You could use the "group_by" method for collections, and select the
first off each group - that saves you doing a query per client, at the
cost of doing one large query and a load of Ruby iteration.

  Client.all.group_by(&:client_category).map(&:first)

... it's also easily chainable to write on one line (but you could
compress your own solution to one line with .inject instead of .select
- so it's not exactly much different my way, but possibly a little
more legible?)

At the end of the day, you're in the realms of doing some fudging to
get the data out you're after (as you've discovered), as you're not
doing something that's a natural fit for the DB or ORM. Sorry if
that's not massively helpful... just letting you know we feel your
pain.

Michael Pavling wrote in post #975879:

Comparing your solution to Tim's suggestion, I infer that you don't
have "client_category" as an association? (ie: client belongs_to
:category).

No, we do not have any association by that name.
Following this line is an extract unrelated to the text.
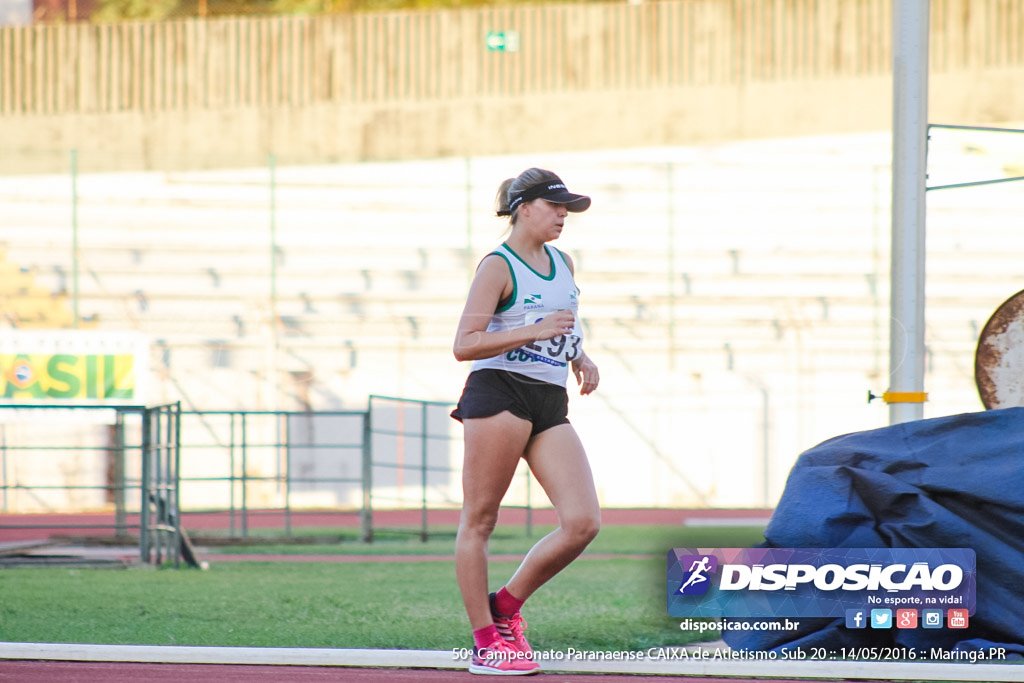 50º Campeonato Paranaense de Atletismo Sub 20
The data originates off
site and we do not know what client_categories are even possible or what
the codes mean.

You could use the "group_by" method for collections, and select the
first off each group - that saves you doing a query per client, at the
cost of doing one large query and a load of Ruby iteration.
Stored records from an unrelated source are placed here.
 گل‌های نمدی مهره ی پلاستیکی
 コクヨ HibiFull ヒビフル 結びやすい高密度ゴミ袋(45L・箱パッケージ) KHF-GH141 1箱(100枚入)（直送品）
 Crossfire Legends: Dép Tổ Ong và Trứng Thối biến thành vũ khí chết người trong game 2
  Client.all.group_by(&:client_category).map(&:first)

Could you explain the '&:' idiom to me? I cannot seem to find any
examples of it by googling.

At the end of the day, you're in the realms of doing some fudging to
get the data out you're after (as you've discovered), as you're not
doing something that's a natural fit for the DB or ORM. Sorry if
that's not massively helpful... just letting you know we feel your
pain.

Thanks. Misery shared is misery lessened.

Michael Pavling wrote in post #975879:

> You could use the "group_by" method for collections, and select the
> first off each group - that saves you doing a query per client, at the
> cost of doing one large query and a load of Ruby iteration.

> Client.all.group_by(&:client_category).map(&:first)

Could you explain the '&:' idiom to me? I cannot seem to find any
examples of it by googling.

foo(&:bar) is basically short hand for foo {|f| f.bar}. You'll
probably get more google hits by searching for Sym to_proc

Fred

Frederick Cheung wrote in post #975887:

foo(&:bar) is basically short hand for foo {|f| f.bar}. You'll
probably get more google hits by searching for Sym to_proc

Fred

Thanks. I indeed did have more success with 'Sym to proc'. Of course
the bar was set rather low given I found nothing the other way.

BTW I realized my original desire with a little ( actually a great deal
of ) help from the PostgreSQL list. The following works like a champ,
but only for PostgreSQL as far as I know.

> cset = Client.select("DISTINCT ON(client_category) *")
=> [ . . .
>
> cset.size
=> 6
> cset[0]
=> #<Client id: 587, dollar_value_total:
#<BigDecimal:2b1ebb23a910,'0.974E3',9(18)>, dollar_value_currency_code:
"CAD", expected_at: "2010-07-19 04:00:00", expected_to: "133",
client_category: "0492", office_code_for_unlading: " ",
service_priority: " ", service_option_identifier: "00257", . . .,
lock_version: 0>

The DISTINCT ON extension might be of some interest to those working in
PostgreSQl.

James Byrne wrote in post #975885:

Could you explain the '&:' idiom to me? I cannot seem to find any
examples of it by googling.

These two posts were helpful for me:
http://jlaine.net/2008/5/8/amp-lified
http://swaggadocio.com/post/287689063

P.S. The example JLaine uses to illustrate implicit conversion is
incorrect, the rest of the article is fine though.